Short text fragments from websites
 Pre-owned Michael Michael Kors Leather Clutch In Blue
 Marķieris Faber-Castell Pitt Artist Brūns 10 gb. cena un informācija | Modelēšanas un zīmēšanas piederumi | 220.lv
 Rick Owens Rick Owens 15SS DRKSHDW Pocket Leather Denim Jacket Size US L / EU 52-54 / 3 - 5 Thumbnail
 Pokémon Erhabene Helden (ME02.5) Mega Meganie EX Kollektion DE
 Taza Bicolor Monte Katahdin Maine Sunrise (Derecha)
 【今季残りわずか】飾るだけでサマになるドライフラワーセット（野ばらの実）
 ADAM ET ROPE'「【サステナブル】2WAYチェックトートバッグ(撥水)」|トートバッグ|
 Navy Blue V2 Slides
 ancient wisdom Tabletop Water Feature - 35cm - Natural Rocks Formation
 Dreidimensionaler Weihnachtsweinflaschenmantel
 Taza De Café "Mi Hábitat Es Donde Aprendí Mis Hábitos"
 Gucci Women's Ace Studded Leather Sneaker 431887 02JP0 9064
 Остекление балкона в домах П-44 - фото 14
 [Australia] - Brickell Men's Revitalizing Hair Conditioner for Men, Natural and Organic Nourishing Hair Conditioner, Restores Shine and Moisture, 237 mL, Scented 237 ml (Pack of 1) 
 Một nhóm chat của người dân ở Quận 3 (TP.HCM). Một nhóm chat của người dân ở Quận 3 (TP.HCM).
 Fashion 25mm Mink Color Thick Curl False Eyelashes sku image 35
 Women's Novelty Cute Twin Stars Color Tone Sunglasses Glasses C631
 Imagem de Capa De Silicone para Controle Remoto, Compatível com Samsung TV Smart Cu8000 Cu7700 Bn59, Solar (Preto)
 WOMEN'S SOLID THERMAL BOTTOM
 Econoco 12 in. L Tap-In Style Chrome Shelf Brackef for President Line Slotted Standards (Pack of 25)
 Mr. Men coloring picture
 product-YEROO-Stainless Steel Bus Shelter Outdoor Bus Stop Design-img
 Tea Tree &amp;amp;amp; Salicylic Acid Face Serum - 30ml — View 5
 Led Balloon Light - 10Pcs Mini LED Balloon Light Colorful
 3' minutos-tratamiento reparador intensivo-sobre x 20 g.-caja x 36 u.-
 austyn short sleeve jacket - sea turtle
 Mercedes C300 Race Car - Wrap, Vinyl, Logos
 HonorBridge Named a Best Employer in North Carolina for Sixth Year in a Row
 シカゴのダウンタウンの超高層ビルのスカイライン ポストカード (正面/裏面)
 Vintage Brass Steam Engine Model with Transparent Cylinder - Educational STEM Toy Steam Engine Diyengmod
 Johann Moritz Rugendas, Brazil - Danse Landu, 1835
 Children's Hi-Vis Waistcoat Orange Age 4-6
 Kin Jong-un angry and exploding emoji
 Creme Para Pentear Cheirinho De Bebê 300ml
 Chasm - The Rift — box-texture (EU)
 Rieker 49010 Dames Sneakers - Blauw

Aim of the task: Check each line of the entries above, and show every one holding the word "Taza".

Response:
 Taza Bicolor Monte Katahdin Maine Sunrise (Derecha)
 Taza De Café "Mi Hábitat Es Donde Aprendí Mis Hábitos"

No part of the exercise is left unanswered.